Wednesday, May 21, 2008

Where I am so far...

I became interested in Natural Language Programming when I was reading Artificial Intelligence - a Modern Approach (2e) by Peter Novig. I read the first 13 chapters in depth but only did a single read through on the remaining chapters. I intend to go back finish the rest of it later. After that I started reading Foundations of Statistical Natural Language Processing by Manning and Schutze. Though I read the whole thing, I became very lost in the final chapters. One of the things that made me lose interest is that it was more about how to statistically recognize languages and my interest is more in getting a computer to understand and create an internal representation of what was read. Some of the concepts, I felt would be easier to understand after a read more introductory material as well.
This lead me to start reading Speech and Natural Language Processing by Jurafsky and Martin. I think the book is great and I just finished chapter five today. Chapter 3 introduced me to stemming. I found a text version of a novel on line (a cheap sci fi) and I've written an application to parse out all the words. I implemented the Porter Stemming algorithm and was pleased to find that, of the 8000 distinct words in my file, I could find determine that about 2000 of them where stems of other words.
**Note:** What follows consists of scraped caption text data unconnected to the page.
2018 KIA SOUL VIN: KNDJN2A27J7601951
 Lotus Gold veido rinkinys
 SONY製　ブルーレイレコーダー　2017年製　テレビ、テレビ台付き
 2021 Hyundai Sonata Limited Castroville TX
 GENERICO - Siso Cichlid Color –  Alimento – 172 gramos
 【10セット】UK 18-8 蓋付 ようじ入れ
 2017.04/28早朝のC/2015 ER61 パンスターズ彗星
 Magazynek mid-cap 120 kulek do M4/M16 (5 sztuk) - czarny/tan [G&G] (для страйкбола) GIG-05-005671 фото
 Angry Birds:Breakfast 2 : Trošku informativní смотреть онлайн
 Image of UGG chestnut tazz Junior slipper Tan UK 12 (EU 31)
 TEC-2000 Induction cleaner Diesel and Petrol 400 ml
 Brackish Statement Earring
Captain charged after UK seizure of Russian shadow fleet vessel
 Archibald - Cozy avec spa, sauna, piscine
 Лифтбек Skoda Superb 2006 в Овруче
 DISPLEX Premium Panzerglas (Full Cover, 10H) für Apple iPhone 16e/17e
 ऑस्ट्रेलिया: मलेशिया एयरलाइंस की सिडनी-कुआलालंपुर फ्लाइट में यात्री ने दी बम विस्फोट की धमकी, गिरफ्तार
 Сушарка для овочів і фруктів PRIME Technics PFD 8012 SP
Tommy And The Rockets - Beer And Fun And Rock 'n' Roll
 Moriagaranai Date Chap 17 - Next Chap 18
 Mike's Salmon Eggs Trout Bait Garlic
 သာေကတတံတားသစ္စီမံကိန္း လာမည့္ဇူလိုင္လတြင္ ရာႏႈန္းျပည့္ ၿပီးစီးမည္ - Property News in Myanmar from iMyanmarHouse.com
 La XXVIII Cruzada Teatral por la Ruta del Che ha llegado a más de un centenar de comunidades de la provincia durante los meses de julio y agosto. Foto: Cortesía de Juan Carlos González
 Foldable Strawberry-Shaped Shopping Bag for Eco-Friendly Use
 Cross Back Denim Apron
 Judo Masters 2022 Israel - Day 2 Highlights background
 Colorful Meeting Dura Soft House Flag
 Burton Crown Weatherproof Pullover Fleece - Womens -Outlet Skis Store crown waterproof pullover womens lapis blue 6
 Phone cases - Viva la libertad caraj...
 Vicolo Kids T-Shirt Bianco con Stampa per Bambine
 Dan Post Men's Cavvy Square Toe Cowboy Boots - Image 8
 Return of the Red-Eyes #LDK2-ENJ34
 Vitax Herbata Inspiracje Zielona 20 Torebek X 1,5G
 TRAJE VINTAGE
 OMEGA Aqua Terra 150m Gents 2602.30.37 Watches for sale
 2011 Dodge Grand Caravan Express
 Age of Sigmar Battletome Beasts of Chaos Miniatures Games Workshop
I have the system make a "guess" that a word is a verb if it finds the stem, -ing, -ed and -s versions of a word.
Chapter 5 is where the book became really interesting as far as I am concerned. I've implemented the Levenshtein minimum edit distance algorithm and am working on the forward algorithm. I plan to implement the Viterbi algorithm next week sometime.

1 comment:

Unknown said...

How do you intend to verify whether you have understood a text?